Travel Insurance for pre-existing medical conditions

Having a pre-existing medical condition doesn’t mean you can’t get travel insurance. In fact, it may be even more important to make sure you do have travel insurance that will cover your pre-existing medical conditions, just in case you’re unexpectedly sick or injured during your trip 

At Fast Cover, we need you to tell us about any medical conditions that you have had within the last 3 years prior to policy purchase date, or for any changes in health including new medical conditions, from the date of policy purchase, up until the time of departure for your tripWe refer to these as “existing medical conditions” on our website, but other travel insurers may refer to these as “pre existing medical conditions”.

Doctor with stethoscope

Do I have a medical condition?

For the purposes of travel insurance with us, it’s important for you to know:

  1. the medical conditions that you have had for the 3 years prior to your policy issue date, and/or
  2. any changes in your health which includes new medical conditions, that you experience after you buy your policy, up until the date that you commence your trip..

We consider a medical condition to mean any bodily or physical injury, physical defect, illness, disease or other medical or dental condition or sign or symptom of these things   that you (including your dependants and anyone listed on your certificate of insurance):

  • required prescription medication or have been prescribed medication from a medical practitioner in writing,
  • sought or received medical advice from a medical practitioner or other health care professional,
  • have had tests, investigations, care, treatment, or medical attention including surgery,
  • have been admitted to hospital for (including emergency department or day surgery procedure), or
  • became aware of or which a reasonable person in the circumstances would have been aware of.

These also include but are not limited to:

  •  the suffering or treatment of mental illness,
  • a brain, heart, kidney, liver, respiratory, circulatory, cancer or cancerous condition,
  • reduced or deficient immune system;
  • a persistent and lasting health condition such as constant pain or long suffering pain or pain with a pattern of relapse and remission, or
  • any conditions related to previous and current pregnancy. Refer to the Pregnancy section for more information.

What does a 'change in health’ mean?

We consider a change to your health to have occurred after you buy your policy and before you leave for your trip, and includes:

  • the occurrence of any new medical condition,
  • advice from a medical practitioner that you are not fit to travel, including on your trip,
  • the stated answers in the certificate of insurance regarding any listed medical condition are no longer correct or up to date,
  • any change in the diagnosis, prognosis, treatment or medication (including dose) of a listed medical condition, or
  • any change in the diagnosis, prognosis, treatment or medication (including dose) of a medical condition which you had more than 3 years prior to policy purchase date, or
  • any unexpected admissions to hospital or surgery for any listed medical condition.

How do I get cover for my medical conditions?

Fast Cover offers medical screening for your existing medical conditions that you require cover for on your trip. You can complete a simple medical screening online or with the help of one of our friendly staff over the phone, as part of your application process.

Whether we can cover the medical conditions that you have will depend on your personal circumstances including your medical history. If we can provide you with cover for your medical conditions, you will need to pay an additional premium, and the medical conditions will be listed as covered on your certificate of insurance.

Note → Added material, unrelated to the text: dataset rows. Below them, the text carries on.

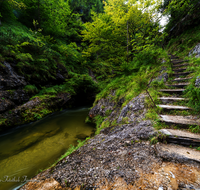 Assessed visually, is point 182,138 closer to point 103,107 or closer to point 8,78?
point 103,107

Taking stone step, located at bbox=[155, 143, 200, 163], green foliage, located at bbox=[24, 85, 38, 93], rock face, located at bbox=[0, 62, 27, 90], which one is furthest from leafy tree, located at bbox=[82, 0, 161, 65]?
rock face, located at bbox=[0, 62, 27, 90]

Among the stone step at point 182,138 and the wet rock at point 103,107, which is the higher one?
the stone step at point 182,138

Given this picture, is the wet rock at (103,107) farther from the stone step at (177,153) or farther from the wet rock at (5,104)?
the wet rock at (5,104)

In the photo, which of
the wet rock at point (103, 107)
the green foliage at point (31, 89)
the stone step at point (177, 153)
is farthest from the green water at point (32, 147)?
the stone step at point (177, 153)

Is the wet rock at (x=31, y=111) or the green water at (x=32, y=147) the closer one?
the green water at (x=32, y=147)

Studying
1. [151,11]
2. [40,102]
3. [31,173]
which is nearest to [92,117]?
[31,173]

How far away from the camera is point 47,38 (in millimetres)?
9898

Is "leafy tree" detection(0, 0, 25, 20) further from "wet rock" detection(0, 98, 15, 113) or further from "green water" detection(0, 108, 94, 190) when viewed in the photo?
"green water" detection(0, 108, 94, 190)

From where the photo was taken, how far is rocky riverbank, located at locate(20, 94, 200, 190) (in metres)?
1.24

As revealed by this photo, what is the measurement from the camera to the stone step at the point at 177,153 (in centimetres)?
145

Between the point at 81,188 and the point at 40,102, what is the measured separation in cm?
735

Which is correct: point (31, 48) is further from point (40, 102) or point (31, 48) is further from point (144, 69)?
point (144, 69)

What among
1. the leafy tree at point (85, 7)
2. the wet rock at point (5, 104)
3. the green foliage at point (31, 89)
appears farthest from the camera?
the leafy tree at point (85, 7)

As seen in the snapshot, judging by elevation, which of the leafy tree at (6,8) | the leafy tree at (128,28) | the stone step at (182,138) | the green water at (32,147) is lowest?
the green water at (32,147) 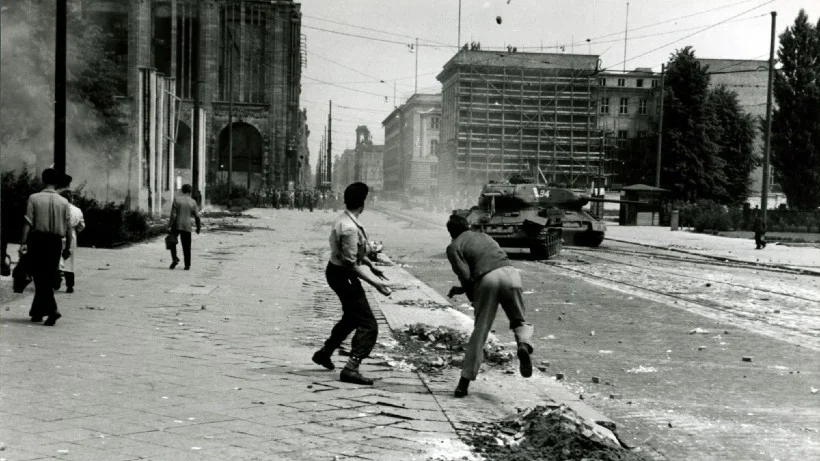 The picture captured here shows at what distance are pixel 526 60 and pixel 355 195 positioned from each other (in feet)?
233

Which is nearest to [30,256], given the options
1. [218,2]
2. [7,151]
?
[7,151]

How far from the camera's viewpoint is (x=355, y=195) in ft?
24.5

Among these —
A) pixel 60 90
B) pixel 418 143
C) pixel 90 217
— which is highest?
pixel 418 143

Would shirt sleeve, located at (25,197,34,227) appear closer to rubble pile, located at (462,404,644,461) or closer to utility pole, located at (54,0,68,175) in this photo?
utility pole, located at (54,0,68,175)

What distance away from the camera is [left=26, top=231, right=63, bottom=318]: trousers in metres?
9.67

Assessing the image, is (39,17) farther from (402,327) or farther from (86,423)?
(86,423)

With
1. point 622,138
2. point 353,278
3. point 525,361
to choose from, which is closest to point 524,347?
point 525,361

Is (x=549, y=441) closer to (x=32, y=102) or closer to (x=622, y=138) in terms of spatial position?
(x=32, y=102)

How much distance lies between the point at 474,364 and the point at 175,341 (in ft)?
11.8

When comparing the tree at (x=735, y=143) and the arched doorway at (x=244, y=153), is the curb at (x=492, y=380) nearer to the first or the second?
the arched doorway at (x=244, y=153)

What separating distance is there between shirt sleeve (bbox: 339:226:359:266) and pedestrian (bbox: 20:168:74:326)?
413cm

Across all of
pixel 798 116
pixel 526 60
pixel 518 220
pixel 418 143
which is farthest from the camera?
pixel 418 143

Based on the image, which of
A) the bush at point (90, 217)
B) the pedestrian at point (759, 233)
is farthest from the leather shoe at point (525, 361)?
the pedestrian at point (759, 233)

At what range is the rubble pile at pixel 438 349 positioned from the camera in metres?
8.50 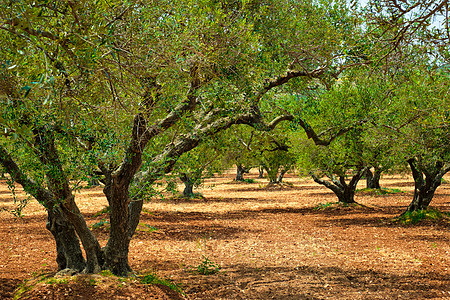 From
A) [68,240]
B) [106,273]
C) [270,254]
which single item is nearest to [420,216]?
[270,254]

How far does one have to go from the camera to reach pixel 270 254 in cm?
1262

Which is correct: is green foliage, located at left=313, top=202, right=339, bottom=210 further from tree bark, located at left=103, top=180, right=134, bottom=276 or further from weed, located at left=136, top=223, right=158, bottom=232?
tree bark, located at left=103, top=180, right=134, bottom=276

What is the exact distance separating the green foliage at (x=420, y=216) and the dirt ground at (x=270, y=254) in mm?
529

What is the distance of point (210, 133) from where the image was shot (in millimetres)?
9008

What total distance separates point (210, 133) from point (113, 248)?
312 cm

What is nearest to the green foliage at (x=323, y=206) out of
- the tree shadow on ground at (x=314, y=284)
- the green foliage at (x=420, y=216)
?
the green foliage at (x=420, y=216)

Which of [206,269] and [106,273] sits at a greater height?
[106,273]

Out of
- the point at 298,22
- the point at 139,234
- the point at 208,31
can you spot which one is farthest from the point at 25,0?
the point at 139,234

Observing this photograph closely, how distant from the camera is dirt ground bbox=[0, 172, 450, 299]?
8.55 metres

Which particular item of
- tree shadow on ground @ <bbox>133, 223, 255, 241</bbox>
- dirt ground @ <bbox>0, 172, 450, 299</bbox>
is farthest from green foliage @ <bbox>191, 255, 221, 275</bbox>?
tree shadow on ground @ <bbox>133, 223, 255, 241</bbox>

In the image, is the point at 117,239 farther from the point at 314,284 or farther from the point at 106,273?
the point at 314,284

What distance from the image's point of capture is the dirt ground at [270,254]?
28.1ft

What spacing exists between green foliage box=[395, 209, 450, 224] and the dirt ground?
53 centimetres

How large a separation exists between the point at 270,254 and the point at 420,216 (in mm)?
7928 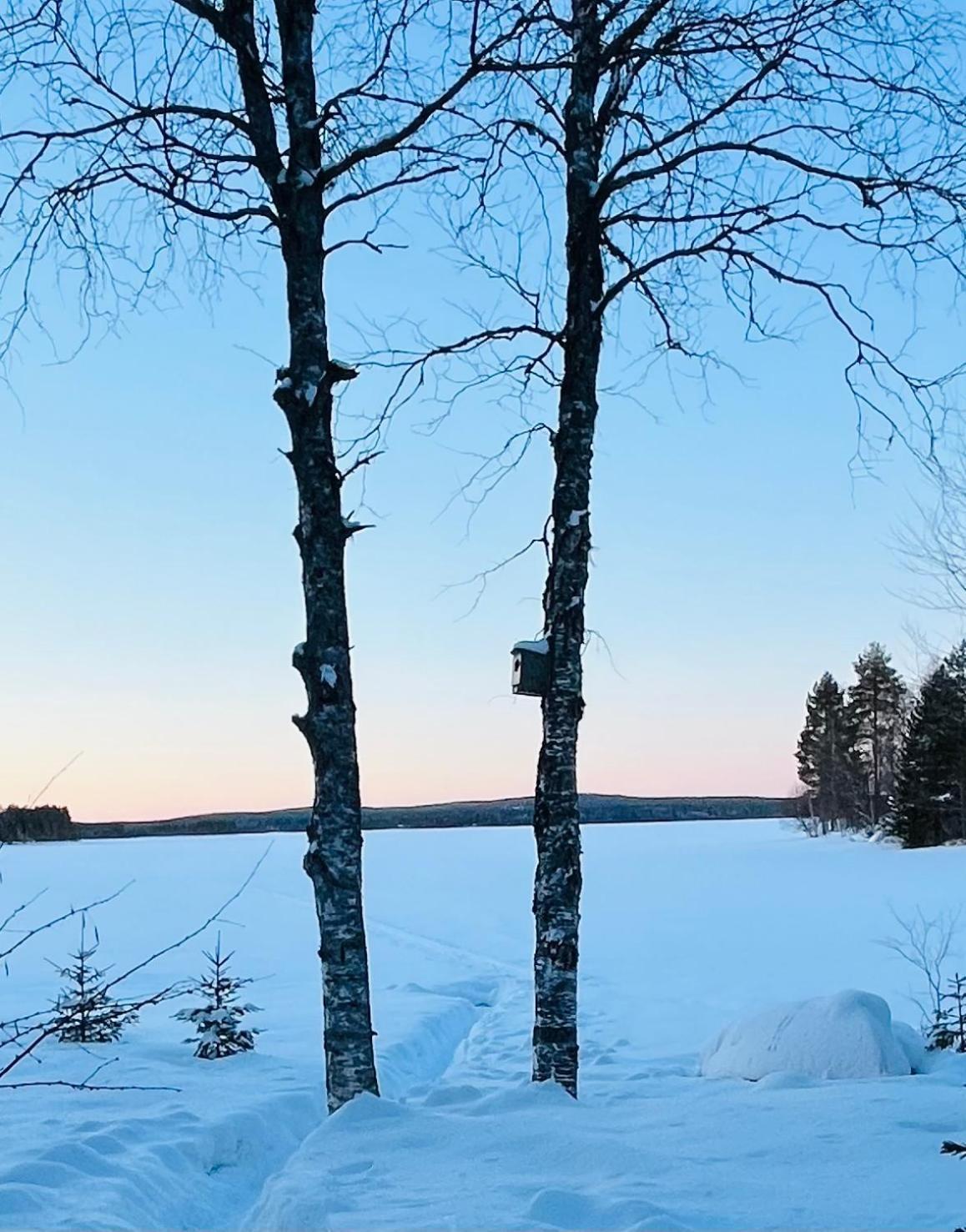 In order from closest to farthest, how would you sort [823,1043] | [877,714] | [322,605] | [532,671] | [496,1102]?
[496,1102] < [322,605] < [532,671] < [823,1043] < [877,714]

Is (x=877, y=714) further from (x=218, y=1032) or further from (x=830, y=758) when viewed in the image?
(x=218, y=1032)

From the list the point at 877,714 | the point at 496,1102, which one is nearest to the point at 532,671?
the point at 496,1102

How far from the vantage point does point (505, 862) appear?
36.7 metres

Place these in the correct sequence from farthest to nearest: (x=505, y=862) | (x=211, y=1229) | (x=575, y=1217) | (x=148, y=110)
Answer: (x=505, y=862), (x=148, y=110), (x=211, y=1229), (x=575, y=1217)

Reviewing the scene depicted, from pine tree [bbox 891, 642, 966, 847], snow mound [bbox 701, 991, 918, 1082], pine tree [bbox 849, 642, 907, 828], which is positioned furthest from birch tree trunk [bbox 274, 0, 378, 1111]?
pine tree [bbox 849, 642, 907, 828]

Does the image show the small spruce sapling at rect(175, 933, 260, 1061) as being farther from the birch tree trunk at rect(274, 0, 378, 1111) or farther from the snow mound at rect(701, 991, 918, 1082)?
the birch tree trunk at rect(274, 0, 378, 1111)

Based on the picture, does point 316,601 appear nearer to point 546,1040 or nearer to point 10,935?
point 546,1040

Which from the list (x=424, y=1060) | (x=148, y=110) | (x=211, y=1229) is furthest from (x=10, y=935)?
(x=148, y=110)

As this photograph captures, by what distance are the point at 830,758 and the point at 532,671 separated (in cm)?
5544

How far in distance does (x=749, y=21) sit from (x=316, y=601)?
12.7 feet

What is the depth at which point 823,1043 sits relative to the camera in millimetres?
7695

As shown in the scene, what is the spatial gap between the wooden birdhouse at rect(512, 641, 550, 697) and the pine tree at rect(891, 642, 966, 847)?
112 feet

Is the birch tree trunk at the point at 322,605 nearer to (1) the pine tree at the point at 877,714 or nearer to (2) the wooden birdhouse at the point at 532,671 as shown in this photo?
(2) the wooden birdhouse at the point at 532,671

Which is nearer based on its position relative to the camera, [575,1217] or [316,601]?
[575,1217] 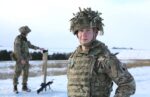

If we are not able to provide you with cover for your medical conditions or we are able to provide you with cover for your medical conditions but you choose to not pay the additional premium to have cover for the medical conditions, it will be listed as an excluded condition on your certificate of insurance.

Before you start the medical screening, you should make sure that you know what your medical and pregnancy conditions are, including any changes to your health, and this includes but is not limited to, the names of all your medical conditions.

Check with your doctor if you’re unsure of the names of your medical conditions because you won’t be able to complete the medical screening if you only know the medication you’re taking or the treatment you’re receiving.

Why do I have to declare all of my medical conditions?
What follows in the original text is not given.